**Provided data**
========================
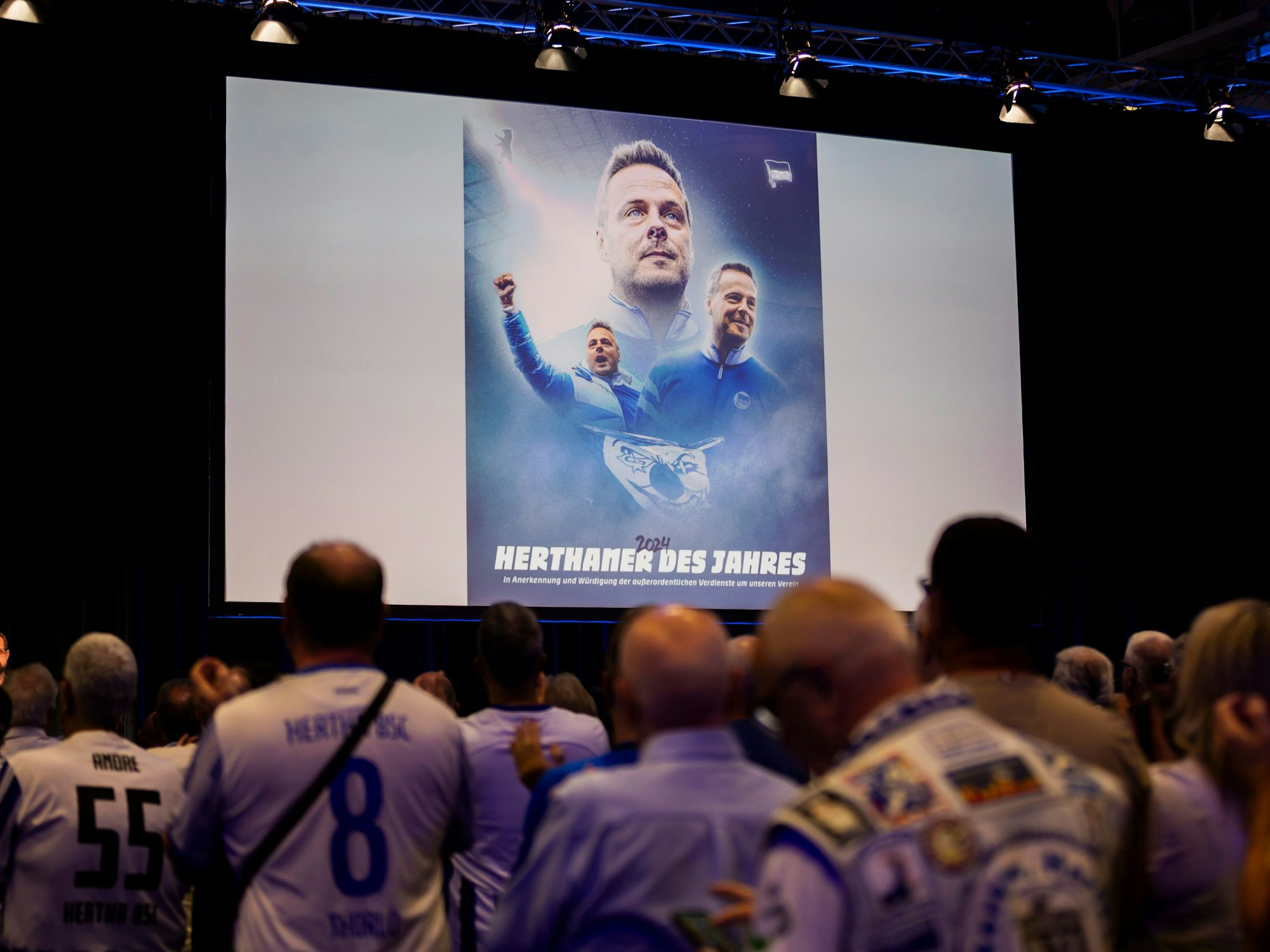 Der ehemalige und plötzlich verstorbene Präsidenten von Hertha BSC Kay Bernstein wird bei der Mitgliederversammlung von Hertha BSC im CityCube der Messe Berlin als „Herthaner des Jahres 2024“ geehrt.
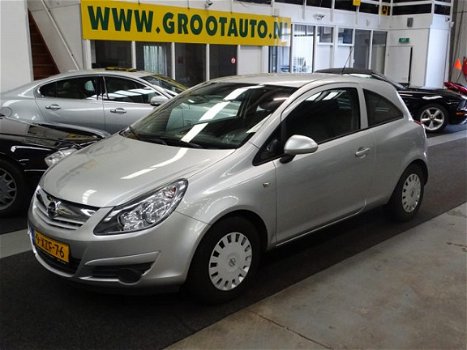 Opel Corsa - 1.2-16V Essentia Airco - 1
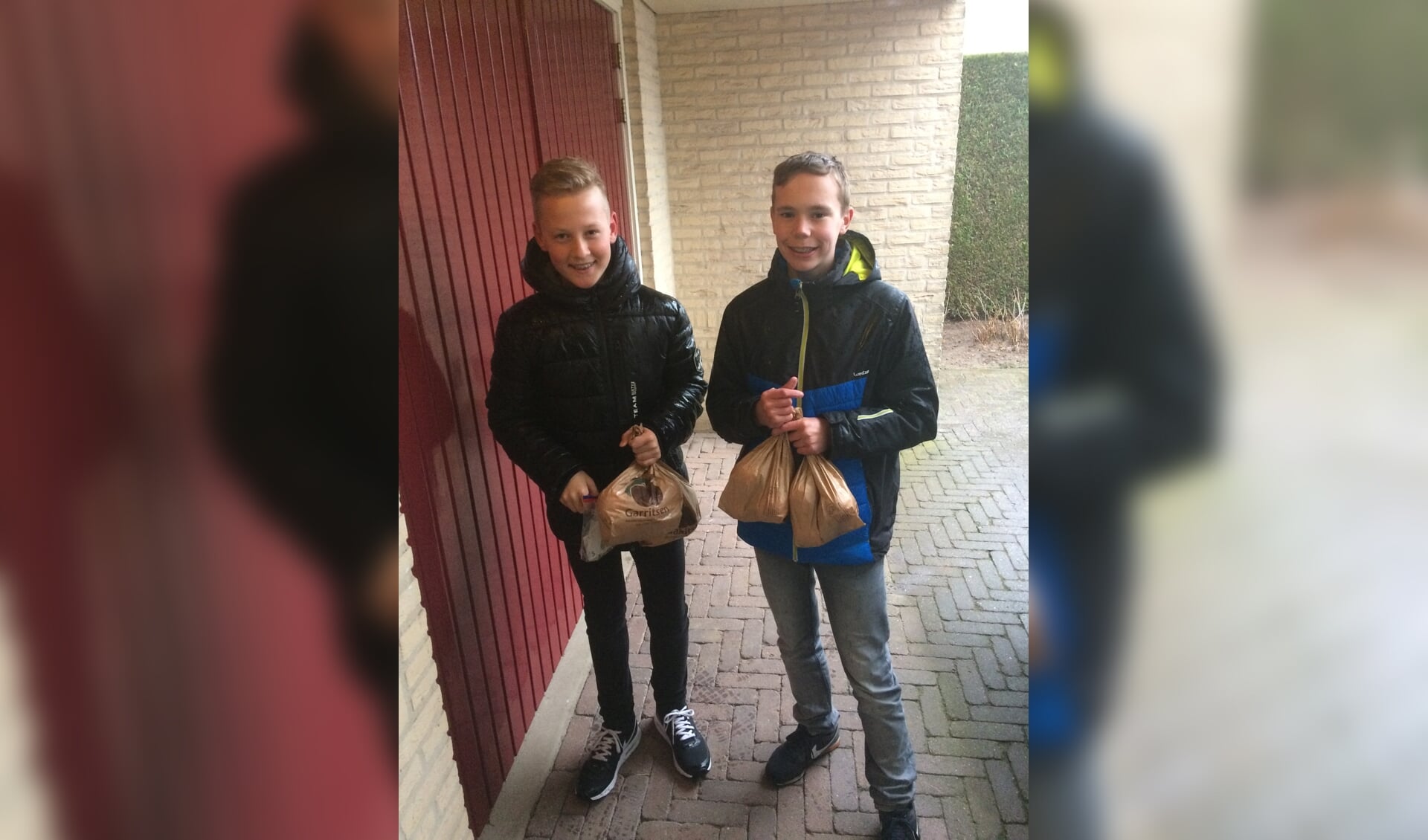 De jeugd van SV Basteom verkoopt sinaasappelen. Foto: PR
========================
Starting at the line that holds "Opel Corsa - 1.2-16V Essentia Airco - 1" and stopping at the last line of the listing above, write out each line exactly as it appears, and omit the pictures.

 Opel Corsa - 1.2-16V Essentia Airco - 1
 De jeugd van SV Basteom verkoopt sinaasappelen. Foto: PR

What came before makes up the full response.